→ **Crawled caption data**
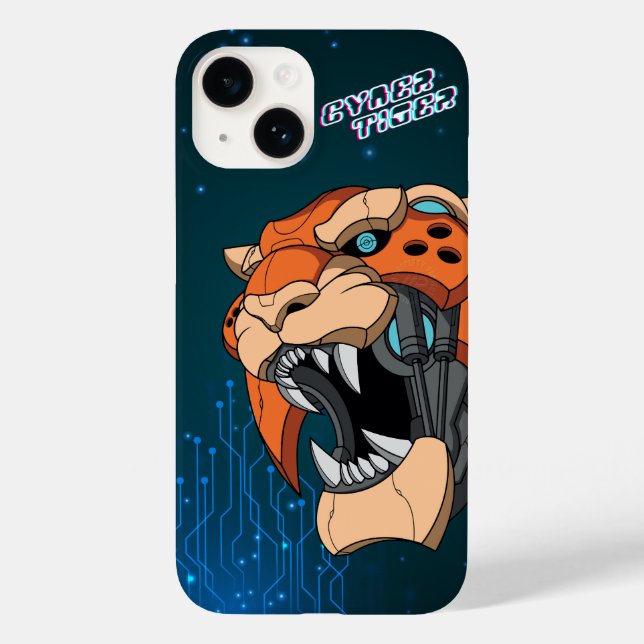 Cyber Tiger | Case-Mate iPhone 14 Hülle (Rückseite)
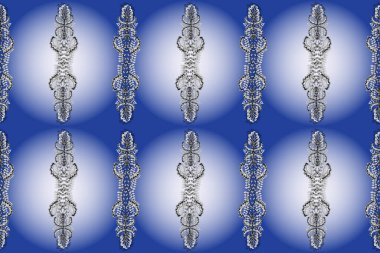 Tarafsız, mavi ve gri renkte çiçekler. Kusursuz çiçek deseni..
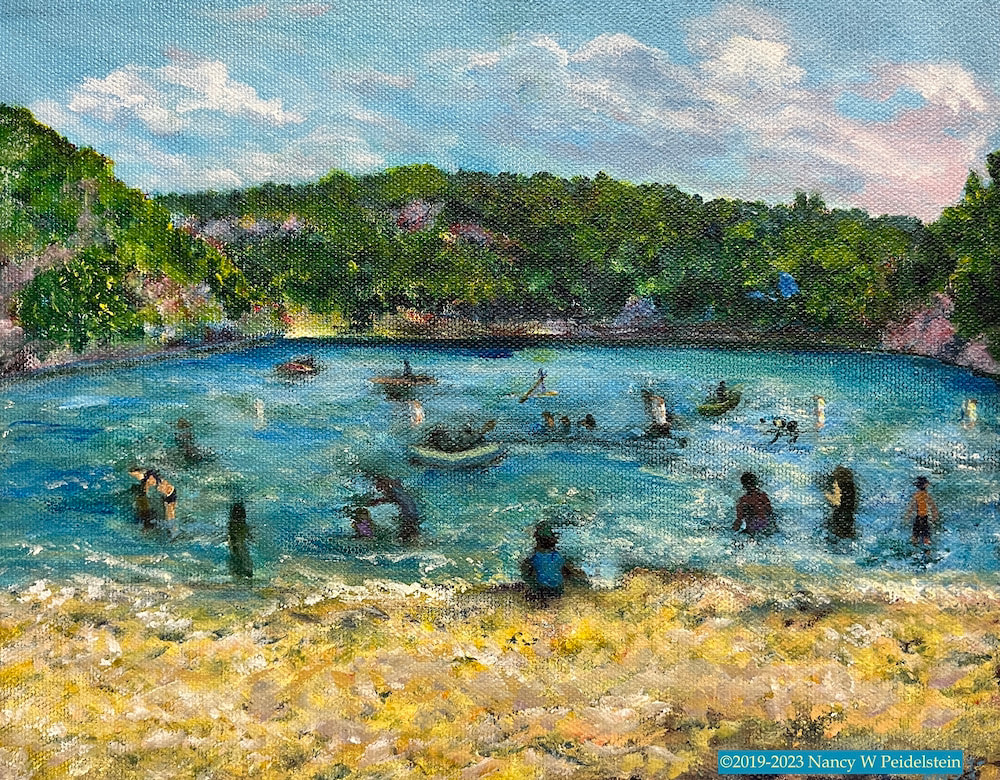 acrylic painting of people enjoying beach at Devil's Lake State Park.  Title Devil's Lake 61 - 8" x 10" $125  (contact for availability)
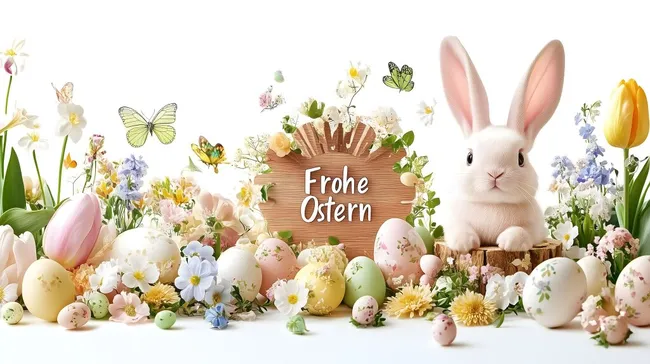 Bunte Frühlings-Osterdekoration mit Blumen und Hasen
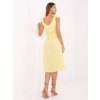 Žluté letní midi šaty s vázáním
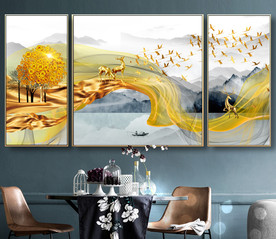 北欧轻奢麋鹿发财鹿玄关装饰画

→ **PROBLEM**
None of the pictures should be copied, but every record above must be returned exactly.

→ **EXERCISE OUTPUT**
 Cyber Tiger | Case-Mate iPhone 14 Hülle (Rückseite)
 Tarafsız, mavi ve gri renkte çiçekler. Kusursuz çiçek deseni..
 acrylic painting of people enjoying beach at Devil's Lake State Park.  Title Devil's Lake 61 - 8" x 10" $125  (contact for availability)
 Bunte Frühlings-Osterdekoration mit Blumen und Hasen
 Žluté letní midi šaty s vázáním
 北欧轻奢麋鹿发财鹿玄关装饰画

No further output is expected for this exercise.